The Goat Course

The goat course.

At 83 years old, Bucky can still rip a drive 220 yards out, the bygone days of his youth still lingering in his eyes and hands. It’s Bucky’s remarkable memory and youthful spirit that led me to interview him, especially when I learned that he had played on the long-extinct “Goat Course” above the Homestead Resort.

For two years, I’ve looked for someone who had played on this course, and here, with Bucky beside me, I finally was able to learn what it was really like.

“Back when I was eight or so years old,” Bucky said, “my dad would take me and my friends to the Goat Course. I think it was called the ‘goat’ course because it was a nine-hole course that went up the mountain, jokingly so high up only a goat would traverse it. It climbed the mountain for the first four holes, then a couple more up there as you walked another hundred yards on the mountain. After that, the course came back down.”

Bucky told me that the Goat Course was discontinued somewhere in the late ‘50s or early ‘60s, when the course was transformed to be a downhill ski area for the resort.

“We could play the course for free,” Bucky said. “It was built for people working at the resort and in the town. I think the people who were at the hotel came to play golf on the main course and preferred a well maintained playing area with caddies.
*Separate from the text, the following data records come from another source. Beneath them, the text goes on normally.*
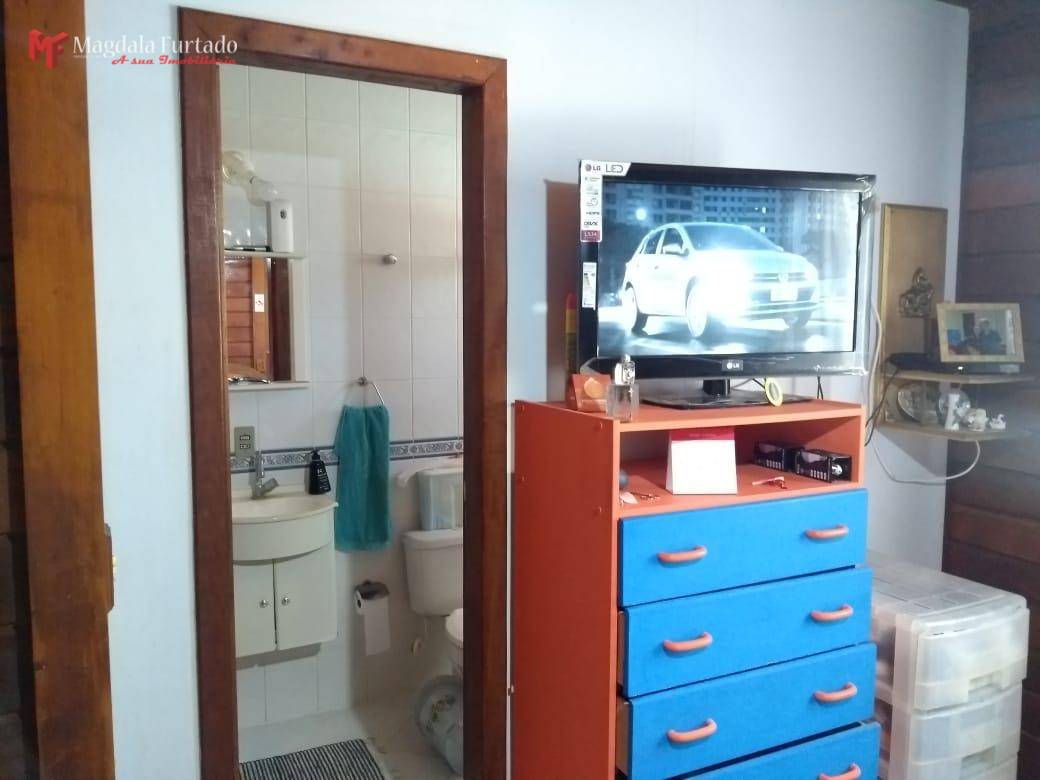 Casa à venda com 3 quartos, 200m² - Foto 10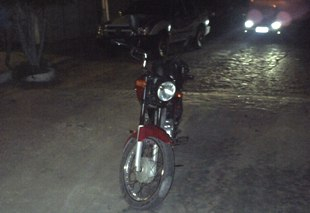 Depois de uma troca de tiros, PM recupera moto em Valente
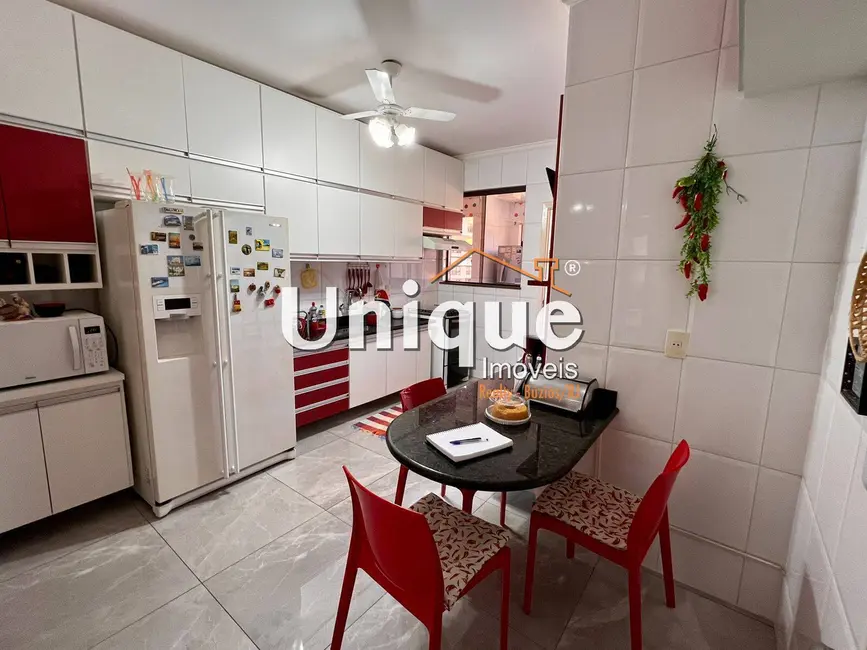 Foto 9 de Apartamento com 3 quartos à venda, 130m2 em Vila Nova, Cabo Frio - RJ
If you played the Goat Course, like we did, you had to walk and carry your own clubs up on the mountain ridge.”

At this point in our conversation, Bucky, retrieving memories from 70 years ago, began to trace the air between us with his finger, drawing the entirety of the Goat Course.

“I only played the last eight holes, never the first one,” he said. “Hole number one was right alongside where Homestead’s 17th hole was, so my dad drove us up the maintenance road and started at the second hole instead. We parked there and would start on hole number two for convenience, every time. 

“I don’t remember crowds on the Goat Course. The other reason we went up there was to collect golf balls. We would turn them in, and make ten cents a ball. If you found three balls, you could afford a movie ticket back then.”

The Goat Course was rugged: oftentimes with waist-high grass in the rough, steep climbs, no caddies, and no golf carts. 

“The second hole was a par-3,” Bucky said. “Think of a drinking glass. You’re teeing off at the bottom of the glass, and you’re hitting up to the top of the glass. I remember one time I teed off and hit straight, and the ball went right into the side of the hill. You had to add height to that hit.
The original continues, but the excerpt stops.